IN THE HIGH COURT OF SOLOMON ISLANDS
(Chetwynd J)


Civil Claim No. 168 of 2009


BETWEEN


JACK LAGOBE
Claimant


And


JOHN SINA and Others
First Defendants


And


JONATHAN DIVE
Second Defendant


And


JOHN MEKERONI and Others
Third Defendants


Mr Sullivan QC and Mr Kama for the Claimant
Mr Nori for the Defendants


Date of Hearing: 6th October 2010
Date of Judgment: 20th October 2010


Ruling


  1. On 23rd July 2009 the Defendants filed an application (the main application) to have the claim in this case struck out. There has been some delay in setting the application down for hearing. There are a number of letters on file from various parties requesting the matter be set down for hearing. The case also involved contempt hearings and orders and this, for no logical reason, seems to have had the effect of delaying the hearing of the main application. In any event it came before me on 12th August 2010 for mention. Counsel for the Defendants was not present and so I dismissed the main application.
  2. I am now dealing with an application for the order made on 12th August to be set aside and for the main application to be re-instated. It is to be regretted that this present application needs to be made at all.
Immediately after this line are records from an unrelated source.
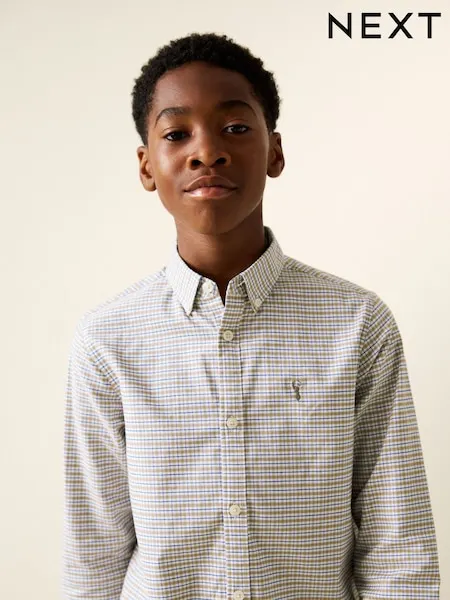 Neutral Gingham Single Oxford Shirt (3-16yrs)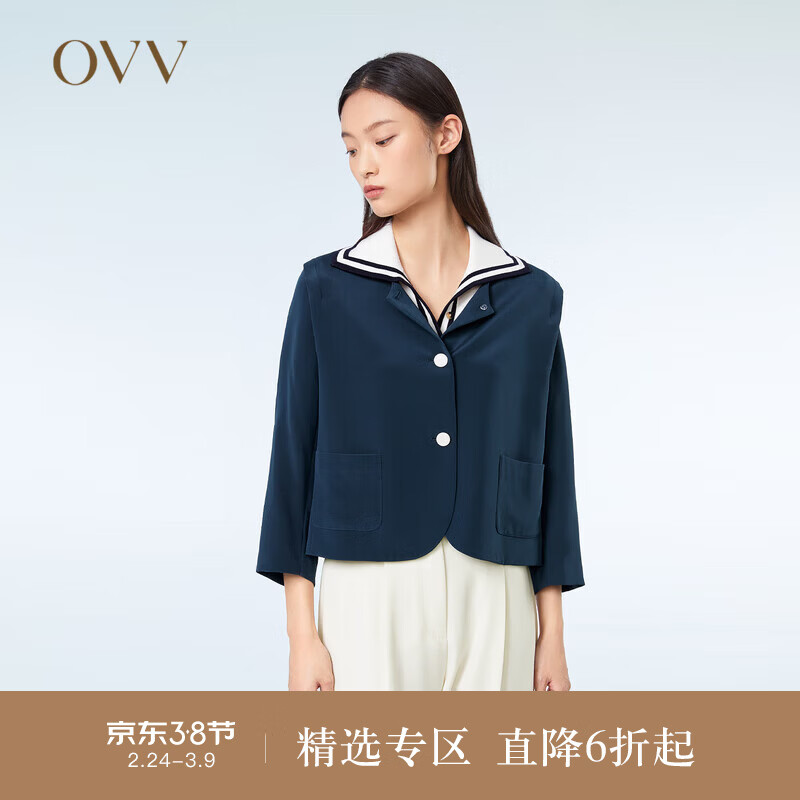 OVV2023春夏新款女装精致圆领七分袖桑蚕丝短款休闲夹克外套 藏青（净色）25 S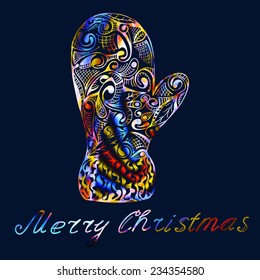 Mitten on a dark background with quote: Merry Christmas.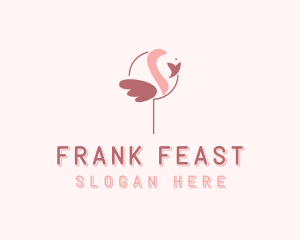 Minimalist Flamingo Bird  logo design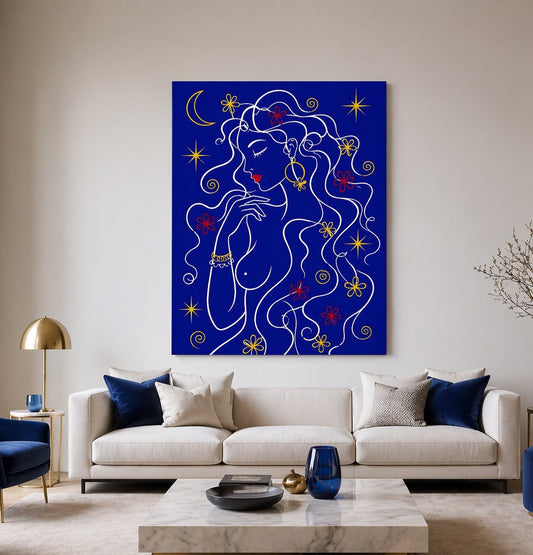 Tableau line art femme minimaliste style contemporain couleurs contrastées décoration murale design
The reason why it is necessary is because of the practice, which appears to be coming more common place, of Counsel agreeing to re-order the court's time for their convenience without asking the court and then assuming the court will agree. The more often Counsel make that imprudent assumption the more often they will need to make applications such as this.
  3. Having read Mr Nori's sworn statement, whilst I accept he had good reason for requiring the adjournment, I do not accept he went about obtaining it in the most appropriate manner. Bridge Lawyers is a practice with multiple partners and practitioners. There is no good reason that I can see why someone else from the firm could not have attended on 12th August. This was a hearing, albeit a motion day hearing, where a date was to be fixed for the applications by both Claimant and Defendants. It was therefore important for someone to attend who had proper and complete instructions and in particular, detailed knowledge of the availability of Counsel who was going to deal with the matter. Of course, that approach does not just apply to those firms with more than one practitioner, it applies to all who appear before the courts. With a sole practitioner firm, a properly instructed agent should appear. This is not just a question of common courtesy to the court, it is essential so that the court can make informed decisions and give appropriate directions.
  4. Be that as it may, the application to set aside or reinstate is before me. Mr Sullivan QC says in order for the application to succeed the applicants must show that they have some prospect of success in the main application. Mr Sullivan addressed me at length on the issue and sought to show that there was no prospect of success in the main application. I accept the proposition, if it can be demonstrated that the main application has no prospect of success then I should not make an order reinstating it. I do not accept that Mr Sullivan has demonstrated the main application has no prospect of success.
  5. In the circumstances I set aside the order I made on 12th August. I order that the application to strike out the claim, the main application, be listed for hearing at the motions day hearings on 4th November with a view to fixing a date. The costs of 12th August and 6th October shall be paid by the Defendants to the Claimant such costs to be taxed if not agreed. At the same time, that is on motion day, a date for the "show cause hearing" in the contempt proceedings shall be fixed. The show cause hearing will take place before or on the same day as the Defendants application. The Defendants' application cannot (and will not) proceed until they appear before the court and the issue of contempt is dealt with.